Domain Specificity: Designed for FinTech complaints; migration to other domains requires adjusting routing knowledge bases and denoising strategies.
LLM Dependency: Core purity checks and merging rely on LLMs (Kimi-K2), which may face latency fluctuations and cost issues.
Cold Start Problem: System performance may degrade in new business domains lacking historical incidents and keyword knowledge.
Multilingual Scenarios: While complaints may be multilingual, the paper does not explicitly discuss multilingual support.

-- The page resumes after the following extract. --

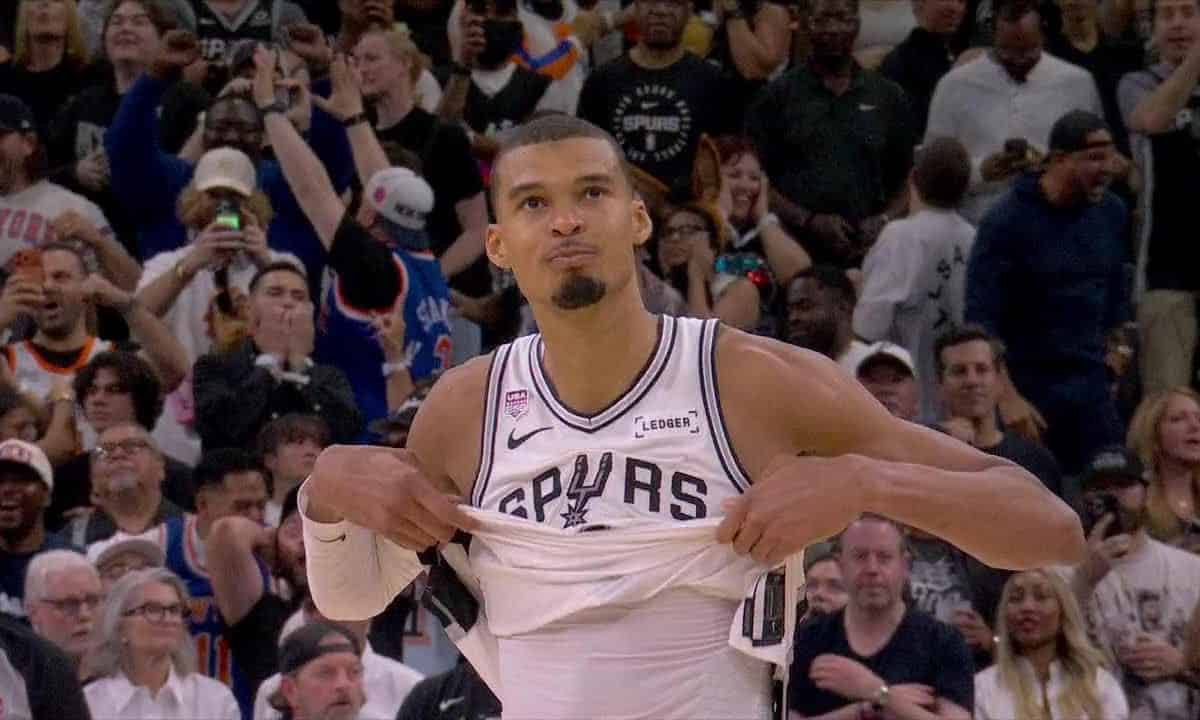 Knicks dominent Spurs 105-104, Wemby rate la dernière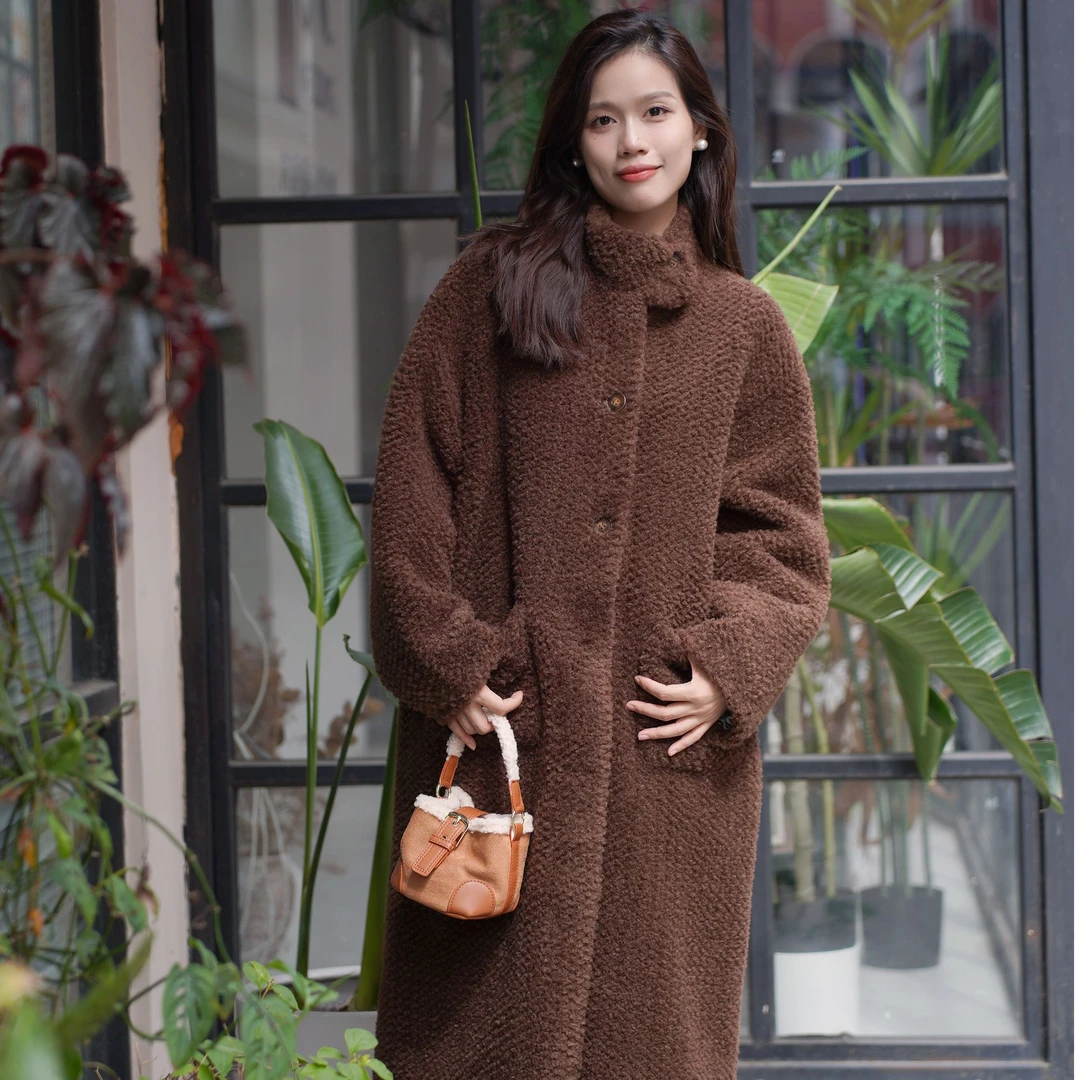 两三事 奶昔映雪 2024冬季新款简约单排扣长款羊羔绒外套女宽松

BGE-M3 (2024): The embedding and reranker model used for high-quality multilingual semantic representation.
Qwen3-8B (2025): The LLM used for semantic distillation, balancing quality and inference cost.
Kimi-K2 (2025): Used for high-quality reasoning in purity checks and merging decisions.
LSH (Locality-Sensitive Hashing): A classic approximate nearest neighbor algorithm used here for high-speed pre-clustering.

Rating¶

Novelty: ⭐⭐⭐ — Integrates existing technologies; innovation lies in engineering integration and modular synergy.
Experimental Thoroughness: ⭐⭐⭐ — Deployment data proves feasibility, but offline comparative details are incomplete.
Writing Quality: ⭐⭐⭐⭐ — Clear architecture and module relationships; practical cases enhance readability.
Value: ⭐⭐⭐⭐ — Strong reference value for enterprise LLM application systems and real-time stream processing.